Our frontend engineer Alex told me at some point that specific Figma annotations saved him maybe one hour per week because he did not have to guess or send questions. Small thing, but it built trust.

What I got wrong about scale

When I was building component library, I made mistake of trying to create every possible variant immediately. Better to have everything ready, I thought, so I do not have to go back and update component later.

Result was button component with eleven variants, most of which we never used.

Unused components are not neutral. They take time to maintain. When you update design language, you update every variant. When someone new looks at your system, they wonder why there are eleven button types and which one to use. Complexity creates confusion even when it is hidden in component library.

Better approach: build what you need, when you need it. Do not preemptively build.

I read something from designer at large company around this time that stayed with me: “A design system is not a dictionary where you put in all possible words. It is grammar, rules that let you make new words correctly when you need them.”

I think this is right.

Six months in, honest assessment

I am writing this from my apartment in Russia. I came back here after Bali in March when COVID made continuing remote travel complicated. Less movement, more deep work, it has actually been good for focus.

The design system at VALK is now functional. Not perfect, but functional. Consistent typography, spacing grid, color system with proper semantic naming. Component library covers probably 70% of UI elements we use regularly.
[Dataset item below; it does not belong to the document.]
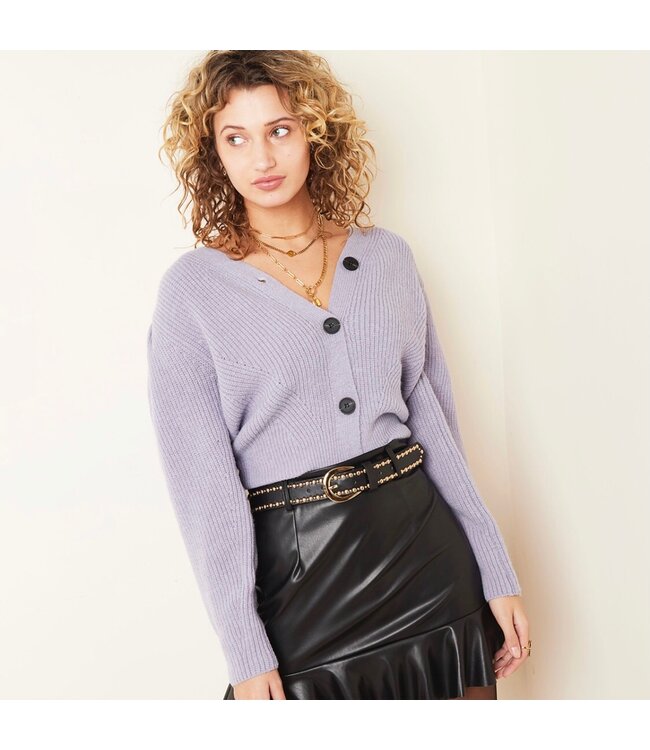 Fabulous Stud Belt / Gold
More important than the system itself: the product looks like product now. There is visual logic. Investor who opens deal page sees same design language as one who is looking at portfolio dashboard. This sounds obvious but it is not obvious when you are building feature by feature in startup.

What I would tell myself six months ago: do not start with system. Start with pages. Let system find you through repetition. Documentation is not bureaucracy, it is communication with future version of yourself and with developers who need to implement your work. Perfect component library that ships in four months is worse than good-enough component library that ships in four weeks.

And the most uncomfortable truth: when you are sole designer at startup, you will spend significant time on things that are not product design. Pitch decks. Marketing materials. Social media graphics. This will feel wrong if you care deeply about product. But resisting it wastes energy better spent elsewhere.

The component library is not finished. Probably it is never finished. But it is solid enough to build on, and that is what matters at this stage.